Chrysler Presses its luck

Cerberus Capital Management certainly isn’t wasting any time assembling a super group management team for Chrysler. Robert Nardelli as CEO seemed odd and perfect at the same time. Since that announcement a few others have come along, but Chrysler’s most masterful coup has been the talent raid on Toyota that nabbed them Jim Press, the King Midas of Toyota Motor North America. Press recently was named President and COO of Toyota Motor North America and was also the first non-Japanese to be named to the board of the Toyota mother ship back in Tokyo.

So why is Press leaving Toyota after 37 very successful years?

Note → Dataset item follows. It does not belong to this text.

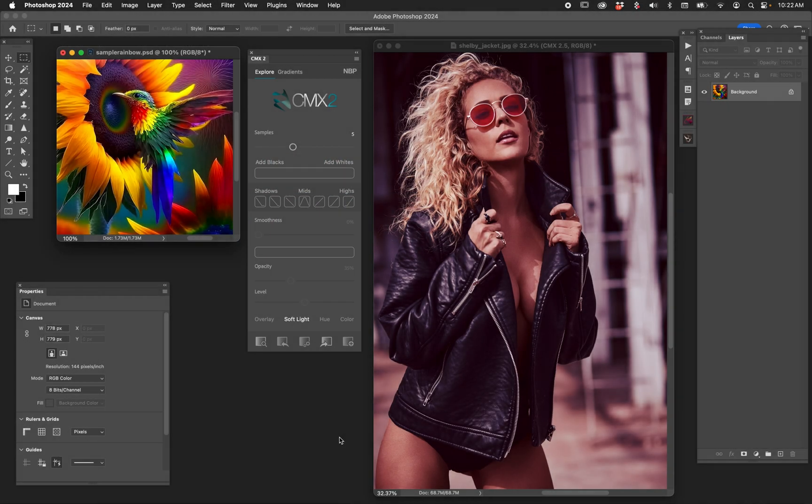So let me show you a little bit about CMX 2's preferences and some other ancillary functions that are actually super useful. You may not use them all the time, but when you need to, they're really great.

It is likely that he chose to leave because he hit the ceiling. He’d probably have had zero chance of ever being CEO of Toyota Corporation. And if he can do for Chrysler what Carlos Ghosn did for Nissan, he will almost certainly be CEO of Chrysler eventually. Then there’s the money. Cerberus and other private equity firms often pay a (relatively) paltry salary but give the CEO a big cut of the action when things go well. So loyalty and sentiment aside, Press probably took the deal because he loves a good challenge and because it could be very lucrative for him personally.

But before he starts shopping for yachts, he’s got to roll up his sleeves and do the hard work. He has the title of Co-Chairman and Co-President, which he shares with former Chrysler boss Tom LaSorda. Press is the sales guy and LaSorda’s the manufacturing guy. They will have to work together to fill the gaps in Chrysler’s line-up. The company has few product hits (with the exception of the 300C and the Wrangler); they have no small cars, the minivans need tweaking, and their lineup of SUVs is behind the times.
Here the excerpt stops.